В тот день я трудился языком, губами, дёснами и нёбом столь усердно, что наверняка сбросил как минимум несколько лишних килограмм своего веса. Властная Лола, как всегда, доминировала, а я, как ученый, всегда проявлявший большой интерес к человеку и проблемам сексуальности, довольствовался ролью исследователя, стороннего наблюдателя и одновременно активного участника всего происходящего.
После нескольких часов этих безумных скачек моя физиономия стала очень похожа на женскую промежность. Колени Лолы плотно прижимались к моим ушам, а прямо на нос мне капали слезы радости, произведенные на фабрике ее страсти. Кстати, все это время у меня не было даже возможности расстегнуть рубашку.
Мне нравится смотреть на женщин снизу вверх, под тем углом зрения, который на языке геометрии именуется «нижней проекцией». Я люблю, когда женщины прыгают у меня на лице. Я высовываю язык и позволяю им елозить по нему туда-сюда. Я доставляю наслаждение их гениталиям, а они, в свою очередь, в буквальном смысле этого слова ебут мне мозги.
Неожиданно Лола застонала, выпрямилась, закинула руки за голову, сладко потянулась, рухнула на постель и заснула возле меня мертвым сном. Комната заполнилась звуками флегматичного храпа, причем такой силы, как будто рядом со мной спал какой-нибудь сибирский казак или потомок Богдана Хмельницкого.
Я снова остался в одиночестве.

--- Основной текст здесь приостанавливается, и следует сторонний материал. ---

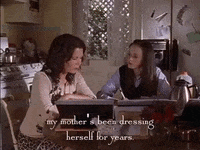 season 3 netflix GIF by Gilmore Girls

По сути, я всегда был одинок, однако возле спящей Лолы я чувствовал себя одиноким вдвойне и совершенно опустошенным. Что может быть приятнее добровольного одиночества! С одной стороны, ты отказываешься от своей свободы и отдаешь себя во власть Господина Одиночества, но, с другой, — становишься свободным навек. Ведь ты подчинился ему по собственной воле.
В моей привязанности к Лоле было нечто непостижимое. Как будто мной управляли какие-то таинственные силы. Для Лолы я был мавром. Мавр сделал свое дело и может теперь, так сказать, идти на все четыре стороны. Мне нравилось быть мавром, и я ничего не имел против того, чтобы пойти на все четыре стороны. Тем более что теперь мне было куда вернуться.
20
Улыбаясь, благоухая ароматами Лолы и пытаясь прокашляться (ибо в горле у меня застряли несколько курчавых волосков моей возлюбленной), я отправился домой, где меня ждал сын Густав. Я шел домой, зная, что скоро в нашей семье ожидаются большие перемены. Ева в это время уже находилась в психиатрической клинике, так что о ней можно было не беспокоиться. Оставалось позаботиться о нас с Густавом.

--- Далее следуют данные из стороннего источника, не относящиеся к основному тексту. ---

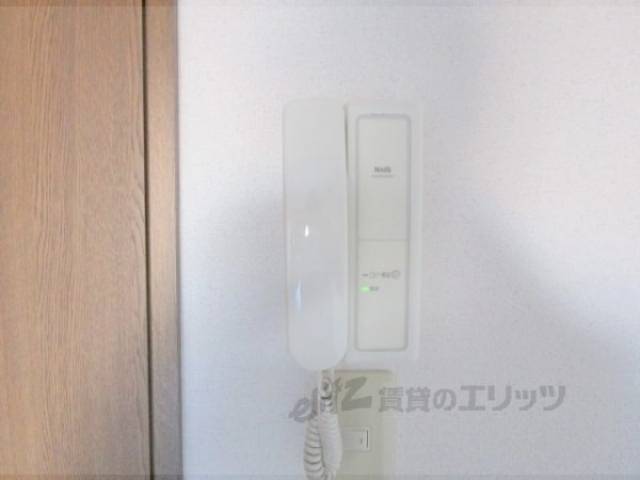 インターホン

Я много размышлял о том, почему Лола приехала в Германию, и в конце концов пришел к выводу, что подвигла ее на это отнюдь не любовь ко мне, а скорее желание убежать подальше от своей погибающей родины. Запад в те годы был буквально наводнен беженцами из Израиля. Сначала прибыли те, кто бежал от печально известного еврейского фундаментализма. Потом — те, кто спасался от бушевавшей тогда разрушительной войны.
Большинство израильтян вызывали у меня глубокое омерзение. Немало отвратительных израильских черт я находил, увы, и у себя самого. Мои соотечественники представлялись мне существами, жаждущими денег и власти. Не имело значения, кто они — наемники, шовинисты, ненавидящие арабов, или же люди, за неимением никаких других талантов, притворяющиеся гуманистами. Но самыми отвратительными были прекраснодушные мечтатели-западники.